* _WHAT THE EXERCISE ASKS_: What follows is a set of entries. Repeat them exactly, but not their pictures.

*** Opening of MATERIAL PROVIDED ***

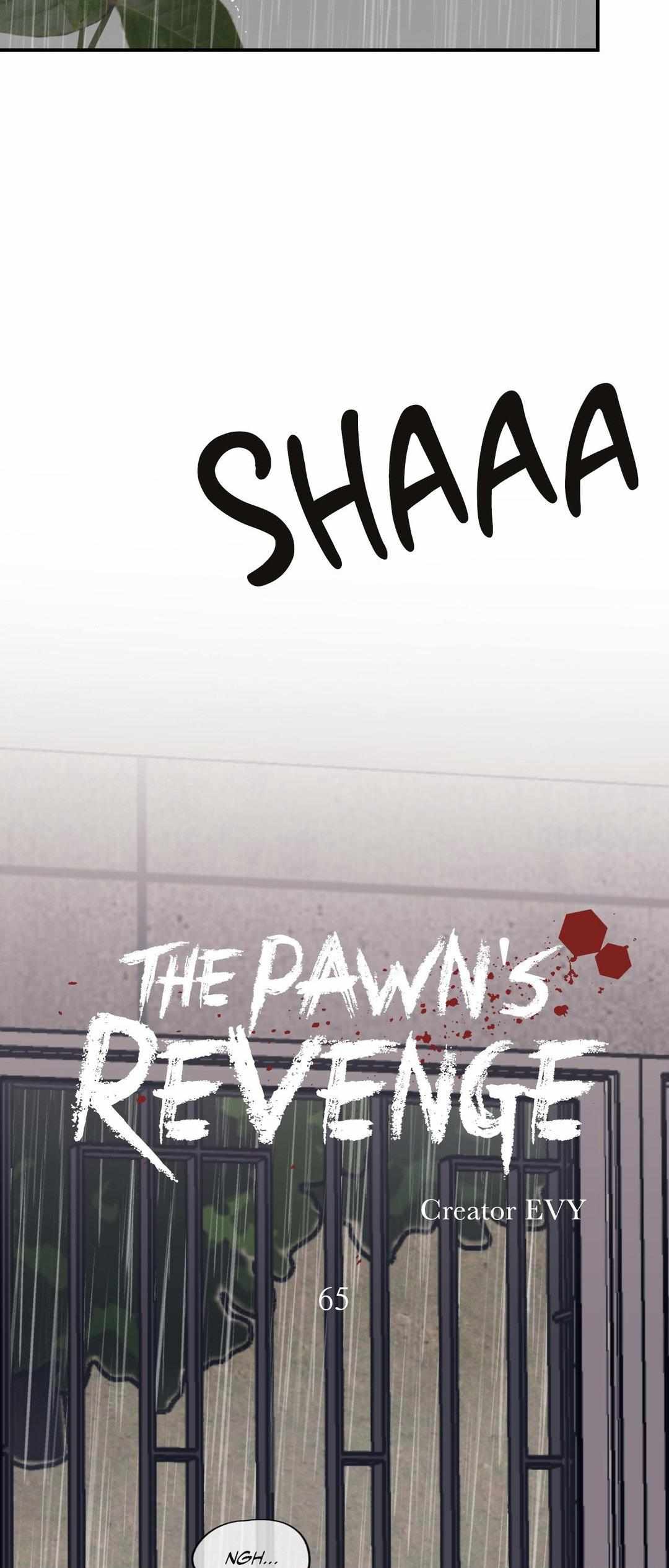The Pawn's Revenge - chapter 65 - #5
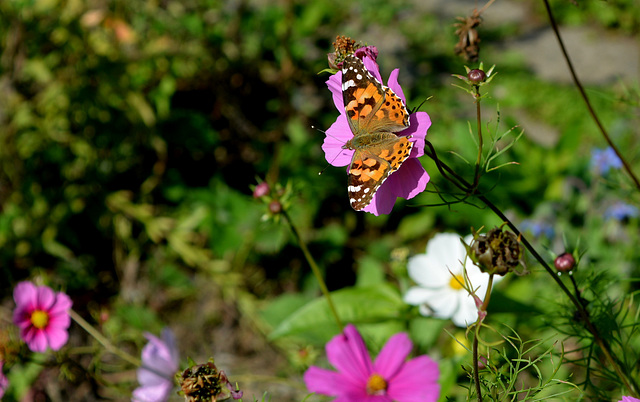 Painted lady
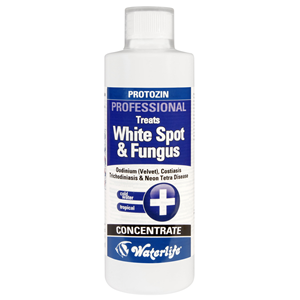 Waterlife Protozin 500ml White Spot & Fungus Treatment - Tropical Supplies North East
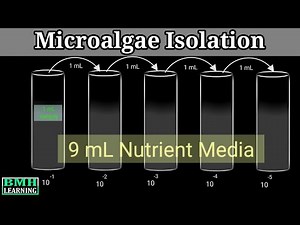 Microalgae Isolation Techniques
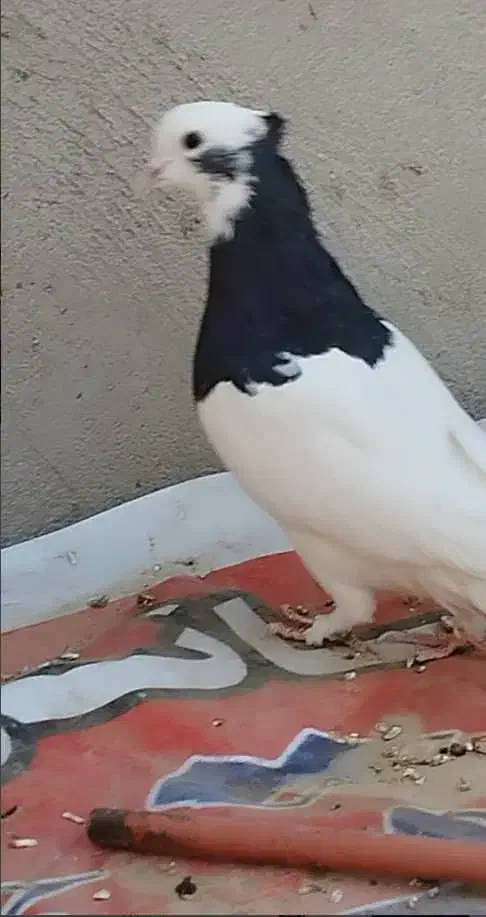 کفتر سینه وطوقی|پرنده|داراب, |دیوار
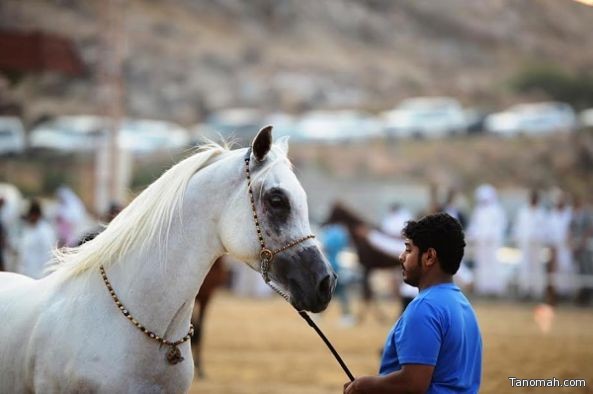 الأشقر ينتزع جائزة مهرجان أبها لجمال الخيال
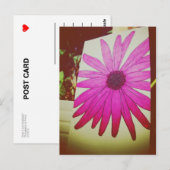 I Love Snailmail - Sunflower Briefkaart (Voorkant / Achterkant)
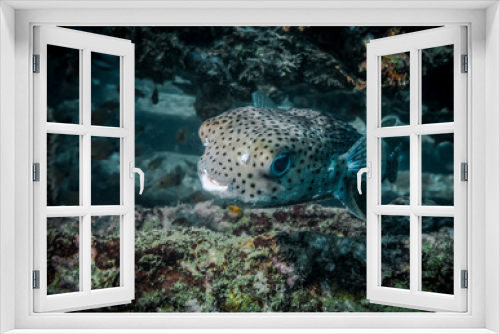 Fototapeta Naklejka Na Ścianę Okno 3D - Burrfish at the bottom of the Indian ocean
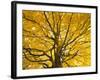 Beech Tree in Autumn, Surrey, England-Jon Arnold-Framed Photographic Print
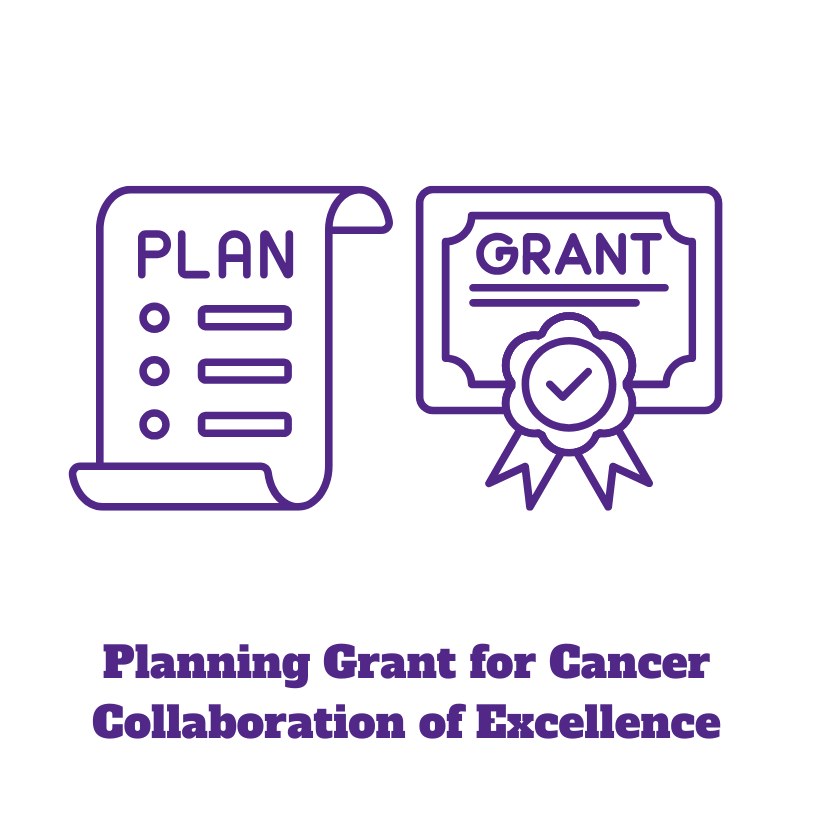 image of proposed planning grants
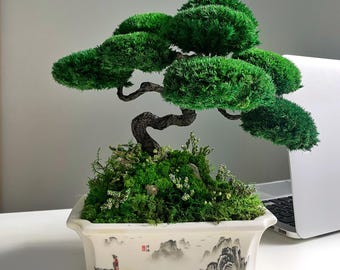 Handgemachter konservierter Moos Bonsai-Baum, Zen-Schreibtisch-Dekor, Japandi-Wohnkultur, No Care Greenery Geschenk, einzigartiges Bürodekor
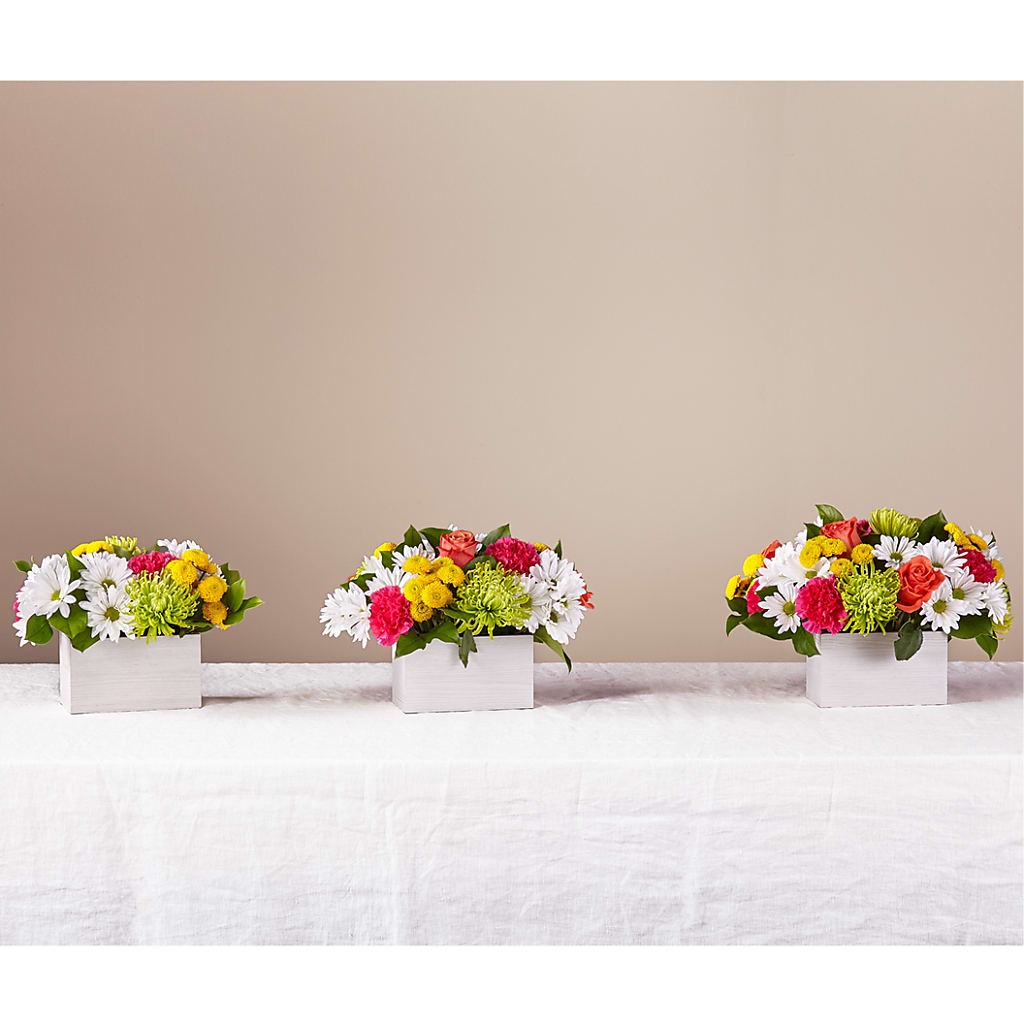 Sorbet Bouquet –  De Santis Florist Inc, Columbus OH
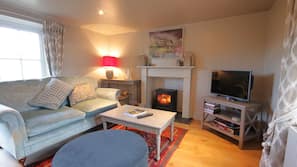 Flat-screen TV, fireplace, DVD player, books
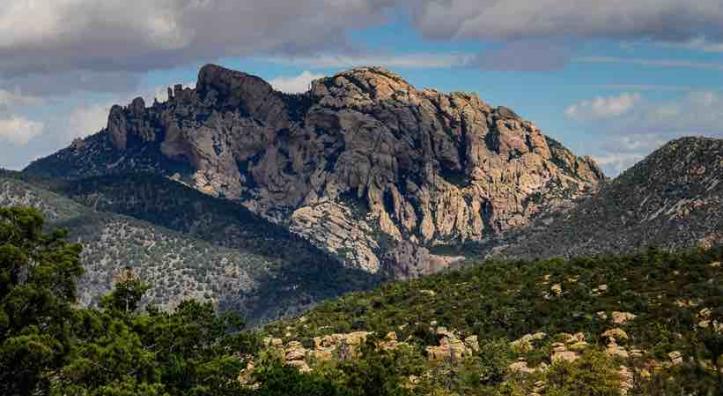 bob-miller-chiricahua-mountains.jpg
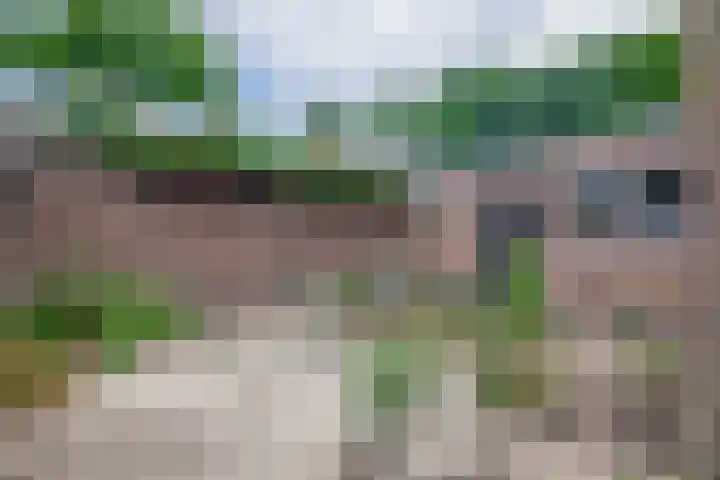 De Larix 47 Bussum thumbnail 30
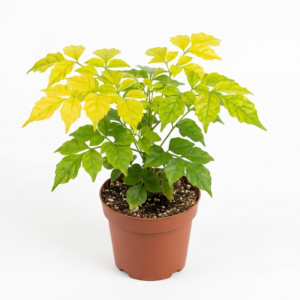 Golden China Doll(Radermachera Sinica) Healthy Live Plant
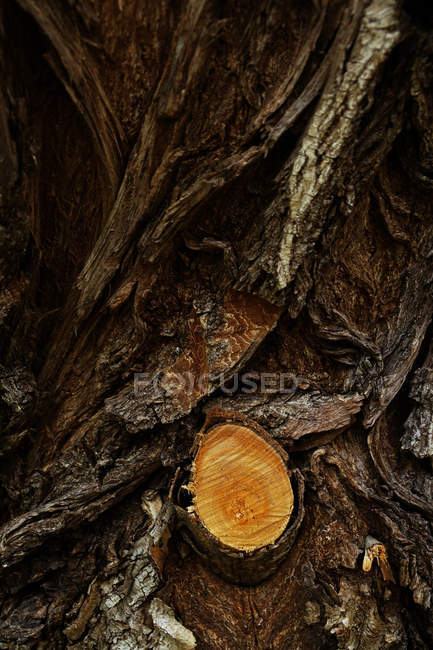 Sawed branch on old brown tree trunk with aged rough bark — Stock Photo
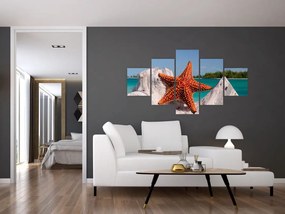 Obraz rozgwiazdy (125x70 cm)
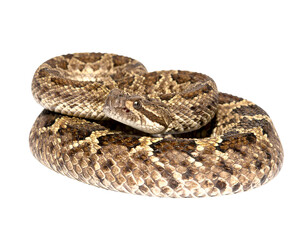 Obraz premium An isolated close-up of a coiled venomous viper or rattlesnake with brown camouflage scales, head raised and ready to strike, on a light gray background.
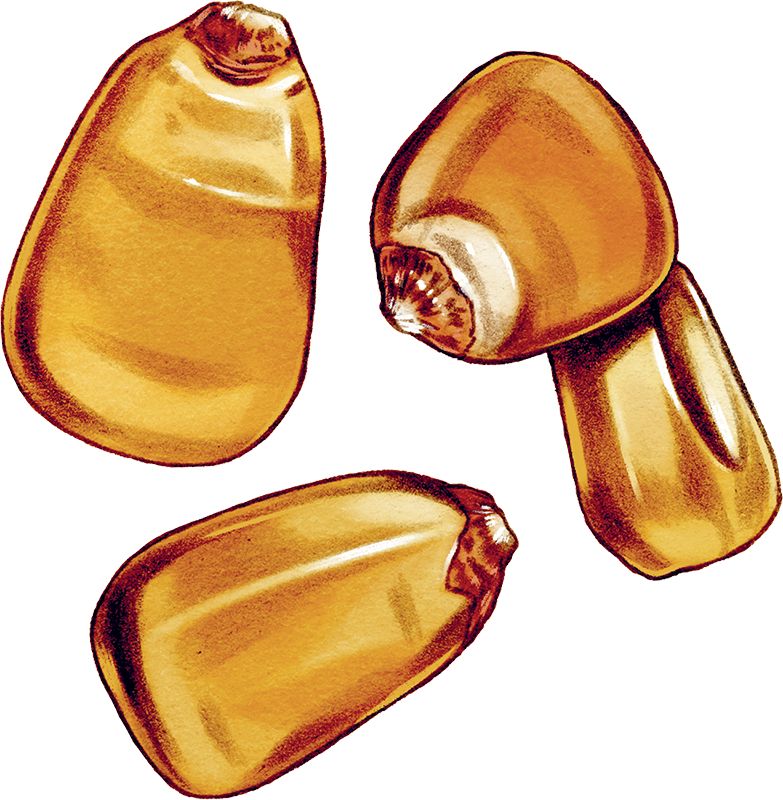 Corn kernels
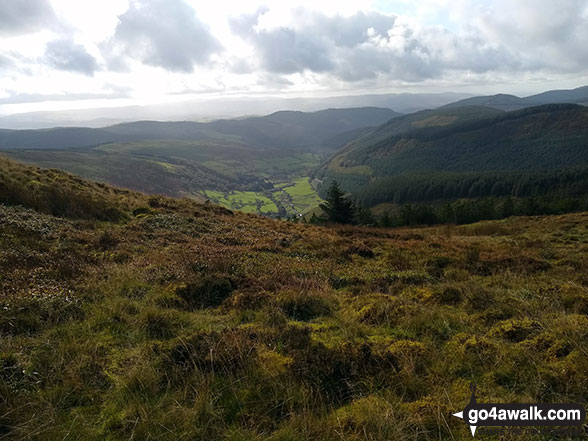 Walk gw167 Waun-oer, Cribin Fawr and Maesglase from Bryn Coedwig, Aberllefenni - Cwm Ratgoed from Mynydd Ceiswyn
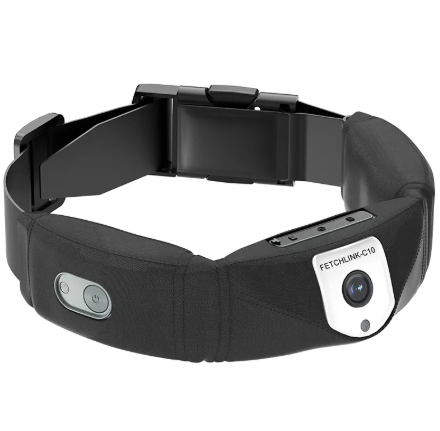 C10 Smart Pet Health Collar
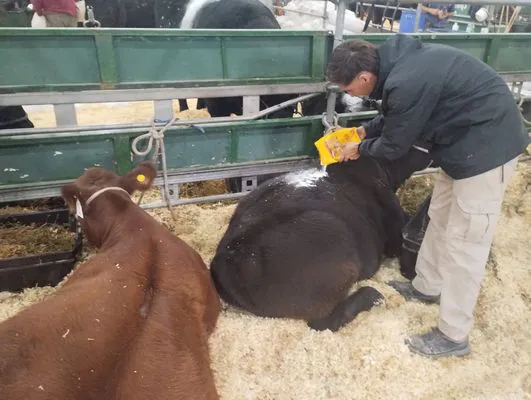 tn_IMG_20250519_112951901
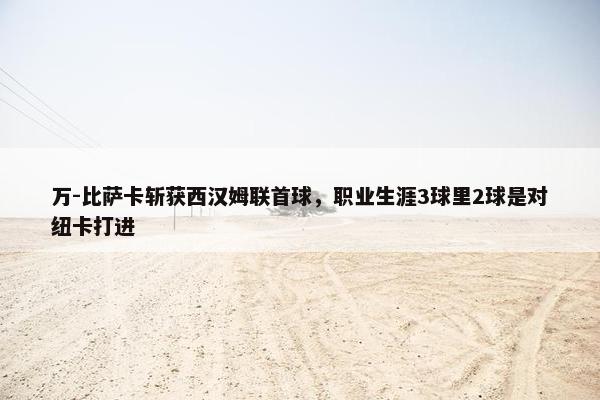 万-比萨卡斩获西汉姆联首球，职业生涯3球里2球是对纽卡打进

*** Close of MATERIAL PROVIDED ***

* _WRITTEN RESPONSE_:
The Pawn's Revenge - chapter 65 - #5
 Painted lady
 Waterlife Protozin 500ml White Spot & Fungus Treatment - Tropical Supplies North East
 Microalgae Isolation Techniques
 کفتر سینه وطوقی|پرنده|داراب, |دیوار
 الأشقر ينتزع جائزة مهرجان أبها لجمال الخيال
 I Love Snailmail - Sunflower Briefkaart (Voorkant / Achterkant)
 Fototapeta Naklejka Na Ścianę Okno 3D - Burrfish at the bottom of the Indian ocean
 Beech Tree in Autumn, Surrey, England-Jon Arnold-Framed Photographic Print
 image of proposed planning grants
 Handgemachter konservierter Moos Bonsai-Baum, Zen-Schreibtisch-Dekor, Japandi-Wohnkultur, No Care Greenery Geschenk, einzigartiges Bürodekor
 Sorbet Bouquet –  De Santis Florist Inc, Columbus OH
 Flat-screen TV, fireplace, DVD player, books
 bob-miller-chiricahua-mountains.jpg
 De Larix 47 Bussum thumbnail 30
 Golden China Doll(Radermachera Sinica) Healthy Live Plant
 Sawed branch on old brown tree trunk with aged rough bark — Stock Photo
 Obraz rozgwiazdy (125x70 cm)
 Obraz premium An isolated close-up of a coiled venomous viper or rattlesnake with brown camouflage scales, head raised and ready to strike, on a light gray background.
 Corn kernels
 Walk gw167 Waun-oer, Cribin Fawr and Maesglase from Bryn Coedwig, Aberllefenni - Cwm Ratgoed from Mynydd Ceiswyn
 C10 Smart Pet Health Collar
 tn_IMG_20250519_112951901
 万-比萨卡斩获西汉姆联首球，职业生涯3球里2球是对纽卡打进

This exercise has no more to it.